Web page caption snippets:
▬▬▬▬▬▬
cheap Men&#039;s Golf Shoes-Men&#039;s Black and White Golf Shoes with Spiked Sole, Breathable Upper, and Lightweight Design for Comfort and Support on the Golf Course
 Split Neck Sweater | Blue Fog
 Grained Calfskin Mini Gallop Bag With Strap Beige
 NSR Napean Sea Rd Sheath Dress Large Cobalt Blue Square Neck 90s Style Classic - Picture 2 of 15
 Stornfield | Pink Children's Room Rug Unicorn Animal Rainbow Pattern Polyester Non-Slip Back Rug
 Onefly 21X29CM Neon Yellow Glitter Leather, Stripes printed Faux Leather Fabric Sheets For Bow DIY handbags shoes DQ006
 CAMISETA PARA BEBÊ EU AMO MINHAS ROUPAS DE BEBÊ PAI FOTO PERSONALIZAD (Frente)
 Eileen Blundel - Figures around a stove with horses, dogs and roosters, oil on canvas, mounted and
▬▬▬▬▬▬
◆ Task prompt: What is needed is a word-for-word copy of all the entries.

◆ Answer below:
cheap Men&#039;s Golf Shoes-Men&#039;s Black and White Golf Shoes with Spiked Sole, Breathable Upper, and Lightweight Design for Comfort and Support on the Golf Course
 Split Neck Sweater | Blue Fog
 Grained Calfskin Mini Gallop Bag With Strap Beige
 NSR Napean Sea Rd Sheath Dress Large Cobalt Blue Square Neck 90s Style Classic - Picture 2 of 15
 Stornfield | Pink Children's Room Rug Unicorn Animal Rainbow Pattern Polyester Non-Slip Back Rug
 Onefly 21X29CM Neon Yellow Glitter Leather, Stripes printed Faux Leather Fabric Sheets For Bow DIY handbags shoes DQ006
 CAMISETA PARA BEBÊ EU AMO MINHAS ROUPAS DE BEBÊ PAI FOTO PERSONALIZAD (Frente)
 Eileen Blundel - Figures around a stove with horses, dogs and roosters, oil on canvas, mounted and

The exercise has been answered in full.